◆ Required action ◆
Set down all of the data that follows word for word, without the images.

━━━━━━━━━━━━━━━━━━━━━━━━━━━━━━

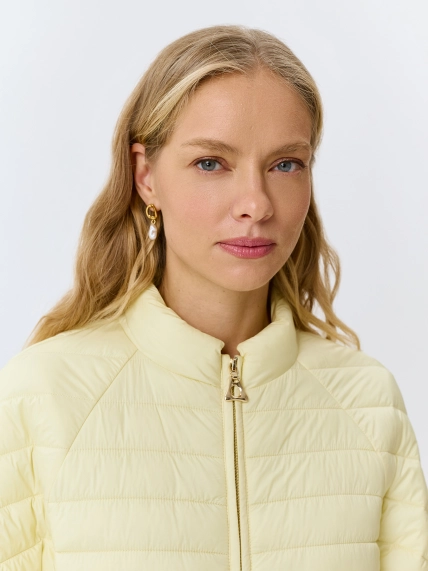 Легкая куртка с продольной стежкой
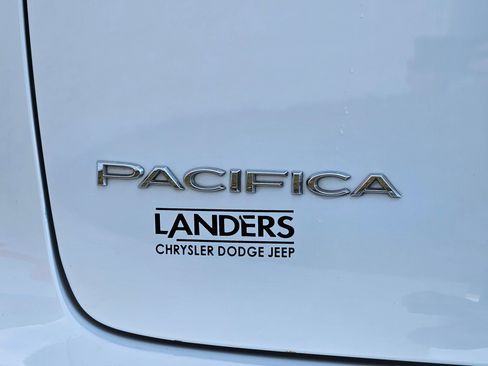 Used 2024 Chrysler Pacifica Touring-L image 30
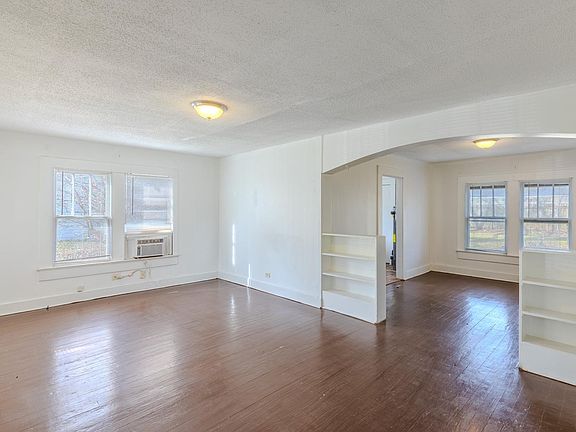 4th image of 313 Tennessee St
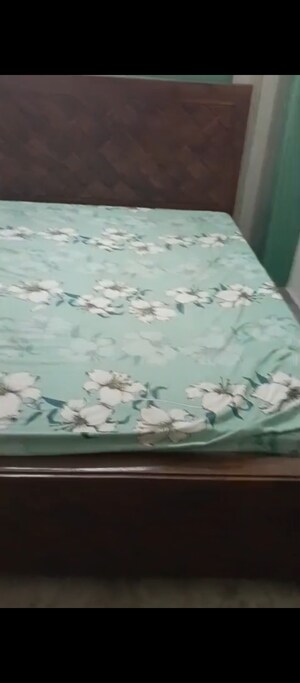 Bedroom in 3 BHK Builder Floor at Puri Kohinoor, Sector 89 – for Rent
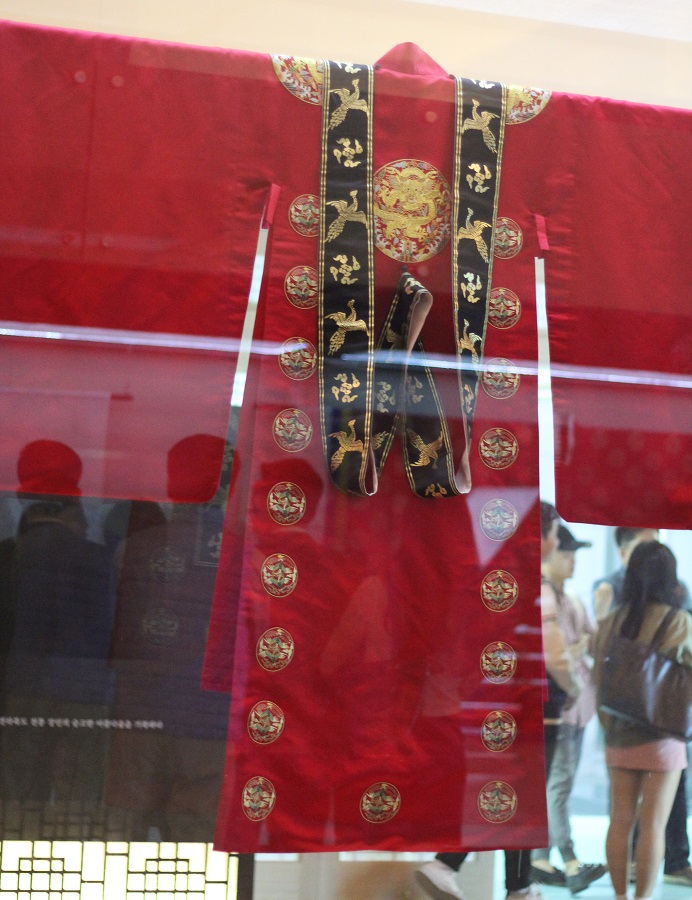Một bộ lễ phục hoàng phi trong viện bảo tàng tại Đại học Quốc gia Chonbuk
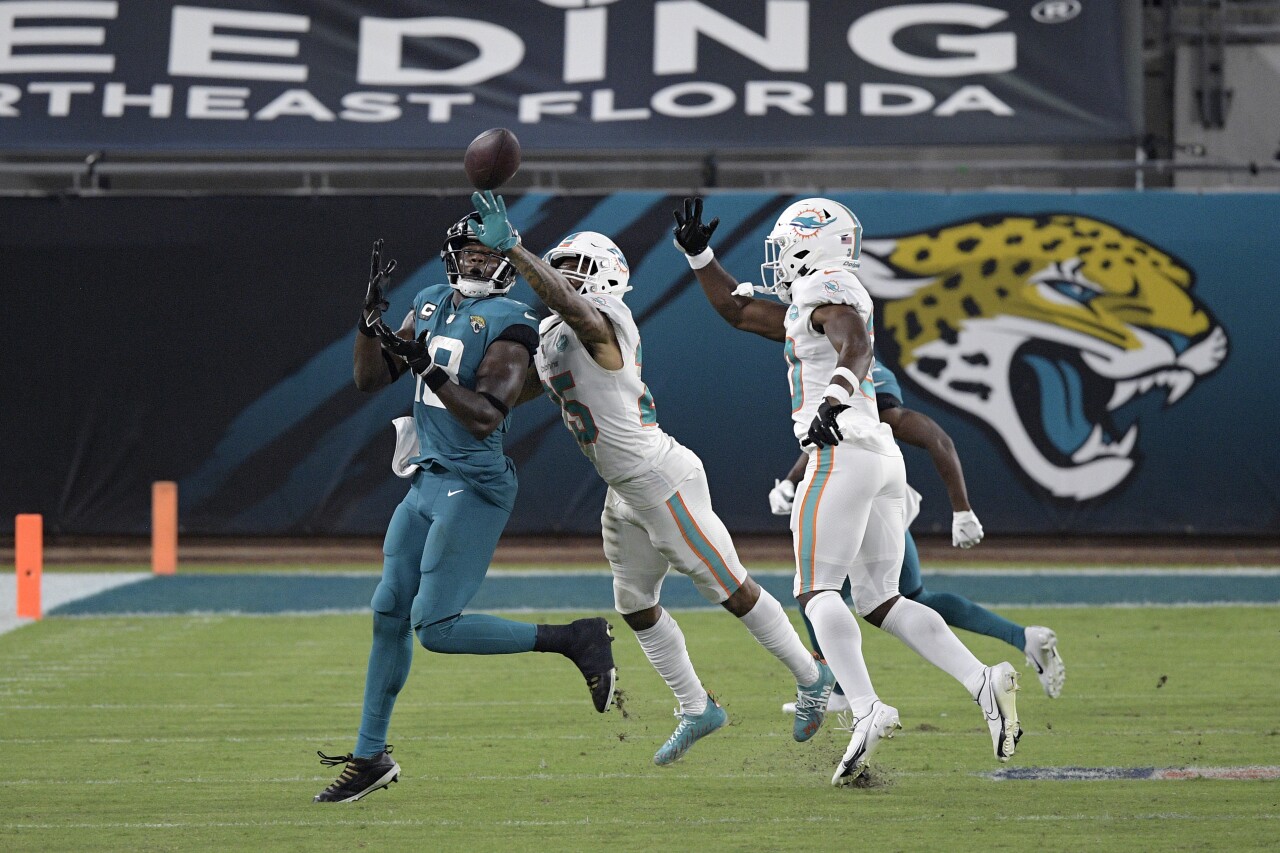 Jacksonville Jaguars receiver Chris Conley catches pass vs. Miami Dolphins in 2020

━━━━━━━━━━━━━━━━━━━━━━━━━━━━━━

◆ Solution for this problem ◆
 Легкая куртка с продольной стежкой
 Used 2024 Chrysler Pacifica Touring-L image 30
 4th image of 313 Tennessee St
 Bedroom in 3 BHK Builder Floor at Puri Kohinoor, Sector 89 – for Rent
Một bộ lễ phục hoàng phi trong viện bảo tàng tại Đại học Quốc gia Chonbuk
 Jacksonville Jaguars receiver Chris Conley catches pass vs. Miami Dolphins in 2020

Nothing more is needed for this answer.